Hi Tica, From the question posed it was a sensible proposal. Please don't give up on offering help. I was not aware that RC gear needed to be set up for brushed motors or otherwise. I use mine for both brushed and brushless applications and I also have electronic ESCs as well as the old variable resistor types.
Another thought - The main difference between the bench and the water is the load on the system - ie increase in amps. This load may cause the reduction in signal and into failsafe? What size propellers are in use? Maybe a test with smaller props. I would also test without the BEC.
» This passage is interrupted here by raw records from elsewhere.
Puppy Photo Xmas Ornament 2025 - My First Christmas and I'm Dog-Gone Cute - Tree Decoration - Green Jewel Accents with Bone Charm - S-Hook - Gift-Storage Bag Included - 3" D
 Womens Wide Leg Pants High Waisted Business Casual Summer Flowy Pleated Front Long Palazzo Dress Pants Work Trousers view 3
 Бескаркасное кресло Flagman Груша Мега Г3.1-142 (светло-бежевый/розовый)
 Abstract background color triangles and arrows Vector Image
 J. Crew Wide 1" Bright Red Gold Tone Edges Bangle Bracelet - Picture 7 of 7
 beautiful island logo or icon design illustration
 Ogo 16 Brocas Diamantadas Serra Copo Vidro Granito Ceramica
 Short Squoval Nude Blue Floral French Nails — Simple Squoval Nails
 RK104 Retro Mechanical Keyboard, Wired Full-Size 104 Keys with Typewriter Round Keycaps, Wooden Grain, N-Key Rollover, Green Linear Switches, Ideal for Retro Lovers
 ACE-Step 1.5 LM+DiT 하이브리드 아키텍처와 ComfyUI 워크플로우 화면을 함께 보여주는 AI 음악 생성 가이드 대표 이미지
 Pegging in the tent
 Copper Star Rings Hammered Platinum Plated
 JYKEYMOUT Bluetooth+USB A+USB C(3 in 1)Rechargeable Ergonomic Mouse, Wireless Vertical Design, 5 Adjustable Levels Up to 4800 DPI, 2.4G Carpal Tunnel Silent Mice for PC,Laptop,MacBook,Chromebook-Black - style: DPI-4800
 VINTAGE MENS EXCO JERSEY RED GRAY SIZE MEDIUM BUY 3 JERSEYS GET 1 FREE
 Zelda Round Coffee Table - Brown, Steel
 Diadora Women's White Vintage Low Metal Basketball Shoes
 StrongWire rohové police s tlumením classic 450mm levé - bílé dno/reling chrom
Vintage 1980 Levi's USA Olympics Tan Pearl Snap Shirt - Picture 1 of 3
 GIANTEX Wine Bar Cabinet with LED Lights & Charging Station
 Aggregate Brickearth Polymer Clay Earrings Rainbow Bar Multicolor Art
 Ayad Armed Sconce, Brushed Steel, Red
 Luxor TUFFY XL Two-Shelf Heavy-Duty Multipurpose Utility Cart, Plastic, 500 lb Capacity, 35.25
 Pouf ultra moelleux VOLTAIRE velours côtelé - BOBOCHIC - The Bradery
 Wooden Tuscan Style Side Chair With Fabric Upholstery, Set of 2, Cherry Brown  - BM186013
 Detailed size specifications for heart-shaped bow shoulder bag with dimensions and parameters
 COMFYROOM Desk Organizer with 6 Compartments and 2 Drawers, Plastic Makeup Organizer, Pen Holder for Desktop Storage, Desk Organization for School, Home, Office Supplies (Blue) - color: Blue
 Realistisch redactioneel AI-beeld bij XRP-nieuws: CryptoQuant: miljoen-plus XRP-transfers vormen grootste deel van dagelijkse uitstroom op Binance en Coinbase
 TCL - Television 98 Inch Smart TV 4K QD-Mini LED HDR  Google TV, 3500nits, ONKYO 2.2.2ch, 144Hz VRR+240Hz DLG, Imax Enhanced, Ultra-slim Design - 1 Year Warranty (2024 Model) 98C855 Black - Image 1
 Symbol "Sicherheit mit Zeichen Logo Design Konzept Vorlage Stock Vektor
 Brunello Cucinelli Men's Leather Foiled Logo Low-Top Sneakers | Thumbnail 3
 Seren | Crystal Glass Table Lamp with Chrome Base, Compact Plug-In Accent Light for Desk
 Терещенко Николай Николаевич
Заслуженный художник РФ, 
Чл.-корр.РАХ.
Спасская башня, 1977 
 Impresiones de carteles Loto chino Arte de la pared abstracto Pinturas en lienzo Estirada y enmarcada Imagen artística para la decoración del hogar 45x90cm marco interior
Hi John, I have a several MTroniks ESCs. If you have the Plug & Play type, then when you first start you need to move the stick forwards and then back. I find that sometimes they refuse to go forward and prefer reverse when the stick is moved forward, so I move the stick backwards first. This usually works (although I don't know why). I do not use the BEC (my choice). I have also had issues with using a single 30Amp Tio ESC running two 12V motors via the single ESC in my Vosper MTB. No answers from MTroniks. Regards
Both Fairmile D boats 1/24 scale and are scratch built. They have both been about 6 years in operation. MGB623 is an MGB, flying the Norwegian flag and belongs to a good friend. Mine is MTB741. It is powered by 2 Graupner Speed 700 12V motors with NiMH batteries. The 6 pdrs and 20mm guns can rotate. It has a balsa planked hull and fibreglass skin. Decks and superstructure are also balsa. Guns are from tinplate and brass.